De manière significative, les mêmes sources officielles prouvent que 60 % des postes de travail rémunérés avec des salaires bas sont occupés par des femmes, alors que 83 % des postes avec des salaires élevés sont occupés par des hommes.

Cette inégalité salariale a son correspondant dans le monde politique. Selon les données actuelles, seules 2 des 7 membres du Conseil fédéral (pouvoir exécutif collégial) sont des femmes ; 29 % des membres du Conseil national (représentant le peuple) et 32 % des membres du Conseil des Etats (représentant les cantons) sont des femmes, tendance qui pourrait décroître, selon les prévisions actuelles, lors des élections législatives de l’année prochain.

La classe politique ignore la Constitution 

Deux jours après cette mobilisation massive du 22 septembre, le Conseil national a commencé à débattre une proposition pour « améliorer » la disparité salariale due à des questions de genre.

La loi proposée par le gouvernement tente d’établir des mesures de contrôle obligatoire contre l’inégalité salariale dans toute entreprise comptant 50 employé-e-s ou davantage. Dans un débat ultérieur, le Conseil des Etats commencé à affadir la proposition, prévoyant que ces mesures régiraient les entreprises de plus de 100 employé-e-s, soit 0,85 % des sociétés employant actuellement 45 % des salarié-e-s suisses.

Le Parlement serait disposé à faire contrôler seulement les entreprises ayant plus de 100 postes de travail à 100 %. Etant donné qu’existe en Suisse un pourcentage significatif de travail à temps partiel, cela diluerait encore davantage le nombre d’entreprises dont le respect de l’égalité salariale serait contrôlé.

Un autre thème important concerne les sanctions éventuelles.
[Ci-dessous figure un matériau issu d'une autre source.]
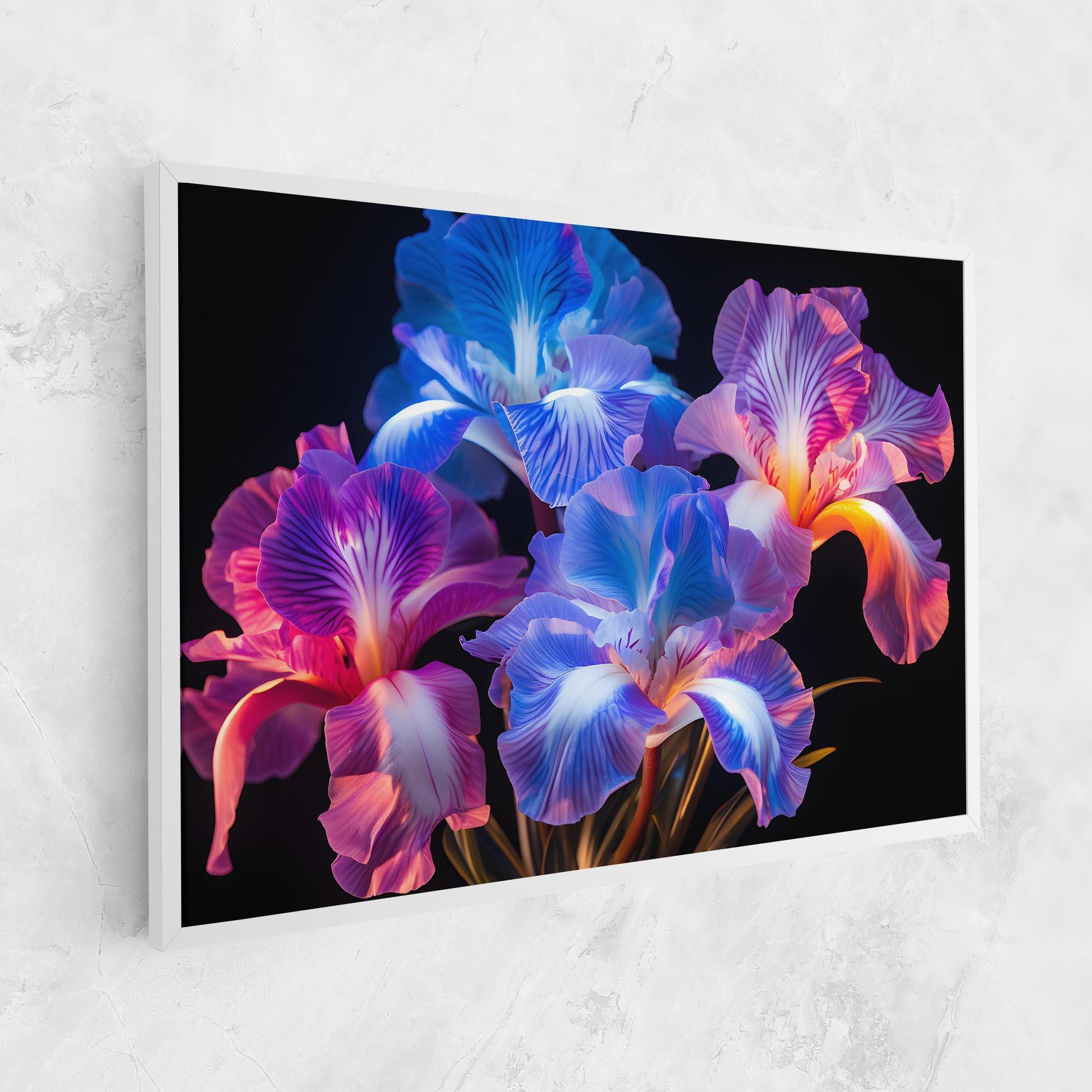 Tablou Canvas Blue Light Iris mockup 1
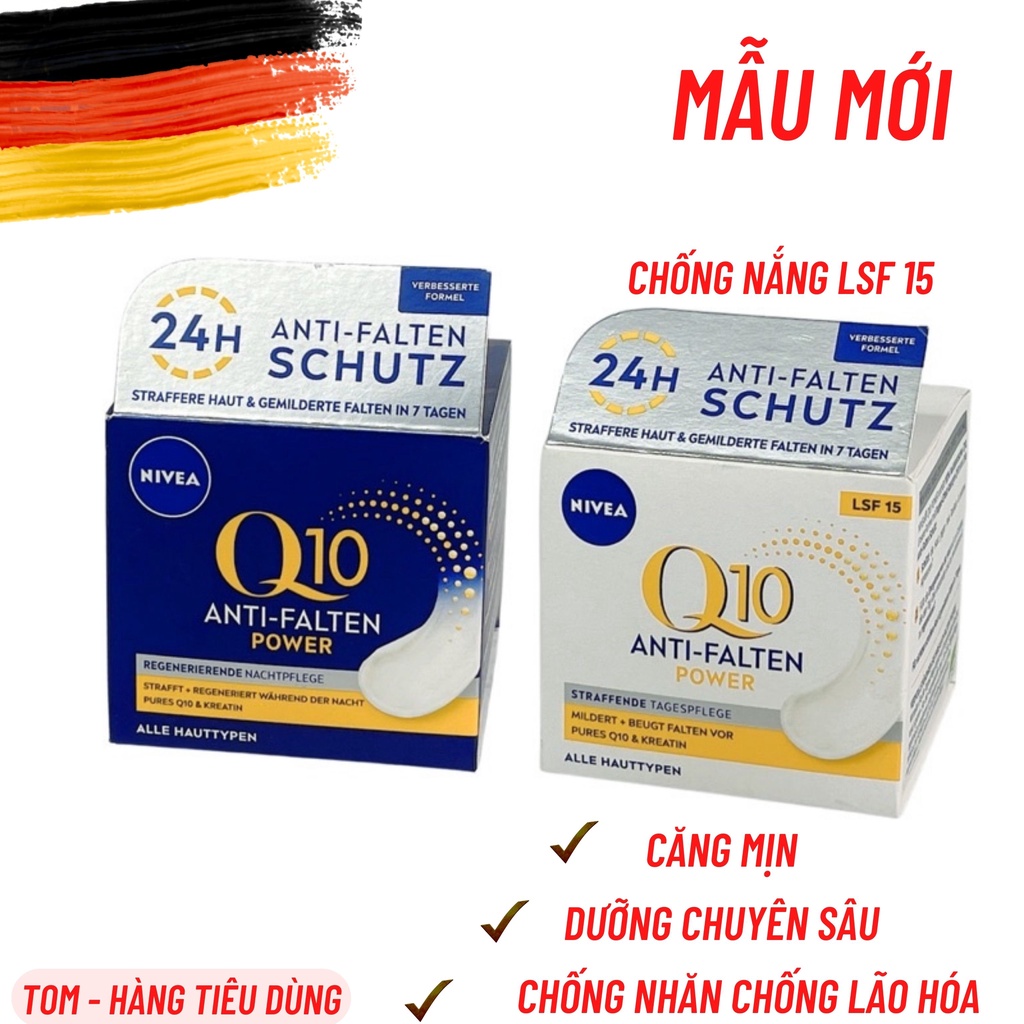 Kem dưỡng da Nivea Q10 Anti Fanten Power chống nhăn và lão hóa 50ml Hàng Đức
Entre l’idée originelle et le débat parlementaire actuel, il y a un monde de différences. Actuellement, l’ajustement législatif contraindrait les entreprises à n’être contrôlées que tous les 4 ans, avec la principale obligation d’informer leurs employé-e-s de la situation.

Dans ce va-et-vient politique, plus que jamais, la pression de la rue peut modifier un rapport de forces historiquement défavorables aux femmes. C’est ainsi que le comprennent les syndicats et plus particulièrement les organisations de femmes.

Celles-ci ont fait entendre leurs voix, leur protestation et leur colère le 22 septembre à Berne et préparent, d’ici 9 mois, la grève féministe. Une sorte d’accouchement où le mouvement social suisse – avec une forte participation des jeunes – veut assumer la « pater-maternité ».